■ Work request
Exactly the line that contains "1960's DeArmond 610" and the lines following it to the end of the data are to be reproduced, and nothing more.

[Data provided Boundary: Start]

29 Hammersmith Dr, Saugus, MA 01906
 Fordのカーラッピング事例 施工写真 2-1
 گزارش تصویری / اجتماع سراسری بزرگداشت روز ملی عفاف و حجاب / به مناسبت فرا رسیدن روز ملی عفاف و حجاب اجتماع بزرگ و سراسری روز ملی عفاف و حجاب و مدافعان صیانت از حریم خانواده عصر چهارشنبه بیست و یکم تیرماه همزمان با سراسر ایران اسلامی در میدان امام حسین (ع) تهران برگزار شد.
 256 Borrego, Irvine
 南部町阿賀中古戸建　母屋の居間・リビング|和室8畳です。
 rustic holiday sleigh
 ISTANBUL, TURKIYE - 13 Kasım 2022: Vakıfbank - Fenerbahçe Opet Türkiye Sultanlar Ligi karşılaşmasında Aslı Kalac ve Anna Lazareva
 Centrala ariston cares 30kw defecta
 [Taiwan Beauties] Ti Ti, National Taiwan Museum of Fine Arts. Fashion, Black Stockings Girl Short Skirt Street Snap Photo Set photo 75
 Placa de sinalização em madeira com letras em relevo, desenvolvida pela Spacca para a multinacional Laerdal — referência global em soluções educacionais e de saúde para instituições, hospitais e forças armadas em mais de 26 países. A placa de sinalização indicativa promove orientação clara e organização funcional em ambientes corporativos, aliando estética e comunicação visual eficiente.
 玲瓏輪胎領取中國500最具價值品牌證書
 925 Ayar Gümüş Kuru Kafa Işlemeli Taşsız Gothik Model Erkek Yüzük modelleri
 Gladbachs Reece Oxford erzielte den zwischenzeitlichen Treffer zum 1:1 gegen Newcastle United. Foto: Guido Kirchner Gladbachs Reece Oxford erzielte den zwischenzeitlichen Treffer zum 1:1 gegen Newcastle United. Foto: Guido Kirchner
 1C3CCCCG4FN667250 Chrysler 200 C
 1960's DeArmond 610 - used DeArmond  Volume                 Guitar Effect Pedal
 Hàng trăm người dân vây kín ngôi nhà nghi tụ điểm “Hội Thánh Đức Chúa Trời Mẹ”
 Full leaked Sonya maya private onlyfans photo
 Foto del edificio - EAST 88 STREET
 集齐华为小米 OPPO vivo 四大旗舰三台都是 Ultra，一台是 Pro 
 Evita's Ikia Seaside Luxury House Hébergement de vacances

[Data provided Boundary: End]

■ Answer for the task
 1960's DeArmond 610 - used DeArmond  Volume                 Guitar Effect Pedal
 Hàng trăm người dân vây kín ngôi nhà nghi tụ điểm “Hội Thánh Đức Chúa Trời Mẹ”
 Full leaked Sonya maya private onlyfans photo
 Foto del edificio - EAST 88 STREET
 集齐华为小米 OPPO vivo 四大旗舰三台都是 Ultra，一台是 Pro 
 Evita's Ikia Seaside Luxury House Hébergement de vacances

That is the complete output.